In this post, I’ll explore how we can interact with Kubernetes as a server and how to discover its API.
Proxy
To make it easier for you to see how Kubernetes functions as a server, run:
> kubectl proxy
Now we can call the API to navigate through its endpoints. Calling the root endpoint shows all available paths:
> curl localhost:8001
{
"paths": [
"/.well-known/openid-configuration",
"/api",
"/api/v1",
"/apis",
"/apis/",
"/apis/acme.cert-manager.io",
"/apis/acme.cert-manager.io/v1",
"/apis/admissionregistration.k8s.io",
"/apis/admissionregistration.k8s.io/v1",
"/apis/apiextensions.k8s.io",
"/apis/apiextensions.k8s.io/v1",
"/apis/apiregistration.k8s.io",
"/apis/apiregistration.k8s.io/v1",
"/apis/apps",
"/apis/apps/v1",
"/apis/authentication.k8s.io",
"/apis/authentication.k8s.io/v1",
"/apis/authorization.k8s.io",
// ...
}
The APIs list all their versions by calling /apis:
> curl localhost:8001/apis
{
"kind": "APIGroupList",
"apiVersion": "v1",
"groups": [
{
"name": "apiregistration.k8s.io",
"versions": [
{
"groupVersion": "apiregistration.k8s.io/v1",
"version": "v1"
}
],
"preferredVersion": {
"groupVersion": "apiregistration.k8s.io/v1",
"version": "v1"
}
},
{
"name": "apps",
"versions": [
{
"groupVersion": "apps/v1",
"version": "v1"
}
],
"preferredVersion": {
"groupVersion": "apps/v1",
"version": "v1"
}
},
{
"name": "events.k8s.io",
"versions": [
{
"groupVersion": "events.k8s.io/v1",
"version": "v1"
}
],
"preferredVersion": {
"groupVersion": "events.k8s.io/v1",
"version": "v1"
}
},
// ... collapsed for readability
]
}
Picking any of the group versions will show more information about that particular resource:
> curl localhost:8001/events.k8s.io/v1
{
"kind": "APIResourceList",
"apiVersion": "v1",
"groupVersion": "events.k8s.io/v1",
"resources": [
{
"name": "events",
"singularName": "event",
"namespaced": true,
"kind": "Event",
"verbs": [
"create",
"delete",
"deletecollection",
"get",
"list",
"patch",
"update",
"watch"
],
"shortNames": [
"ev"
],
"storageVersionHash": "r2yiGXH7wu8="
}
]
}
If you’ve configured users, roles, and role bindings, you’ll find this payload familiar (and useful). For each resource, you get a path and the CRUD plus other operations you can perform against it.

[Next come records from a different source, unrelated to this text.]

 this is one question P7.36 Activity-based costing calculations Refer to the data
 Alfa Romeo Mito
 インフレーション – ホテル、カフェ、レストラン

Let’s see what you get with statefulsets:
> curl localhost:8001/apis/apps/v1/statefulsets
{
"kind": "StatefulSetList",
"apiVersion": "apps/v1",
"metadata": {
"resourceVersion": "1027297"
},
"items": [
{
"metadata": {
"name": "minitube-nats",
"namespace": "default",
"uid": "6815e412-36f6-488b-87e5-19a22ef4ca1d",
"resourceVersion": "1025766",
"generation": 1,
"creationTimestamp": "2026-02-23T15:42:03Z",
"labels": {
"app.kubernetes.io/component": "nats",
"app.kubernetes.io/instance": "minitube",
"app.kubernetes.io/managed-by": "Helm",
"app.kubernetes.io/name": "nats",
"app.kubernetes.io/version": "2.12.4",
"helm.sh/chart": "nats-2.12.4"
},
"annotations": {
"meta.helm.sh/release-name": "minitube",
"meta.helm.sh/release-namespace": "default"
},
"managedFields": [
{
"manager": "helm",
"operation": "Apply",
"apiVersion": "apps/v1",
"time": "2026-02-23T15:42:03Z",
"fieldsType": "FieldsV1",
"fieldsV1": {
"f:metadata": {
"f:annotations": {
"f:meta.helm.sh/release-name": {},
"f:meta.helm.sh/release-namespace": {}
},
"f:labels": {
"f:app.kubernetes.io/component": {},
"f:app.kubernetes.io/instance": {},
"f:app.kubernetes.io/managed-by": {},
"f:app.kubernetes.io/name": {},
"f:app.kubernetes.io/version": {},
"f:helm.sh/chart": {}
}
},
"f:spec": {
"f:podManagementPolicy": {},
"f:replicas": {},
"f:selector": {},
// ...
]
}
If your resource has a get verb, you can call it directly:
> curl localhost:8001/apis/apps/v1/namespaces/default/statefulsets/minitube-nats
There’s a lot of interesting information about Kubernetes internals hidden there. This post isn’t a deep dive, but simply shows you what exists below the surface.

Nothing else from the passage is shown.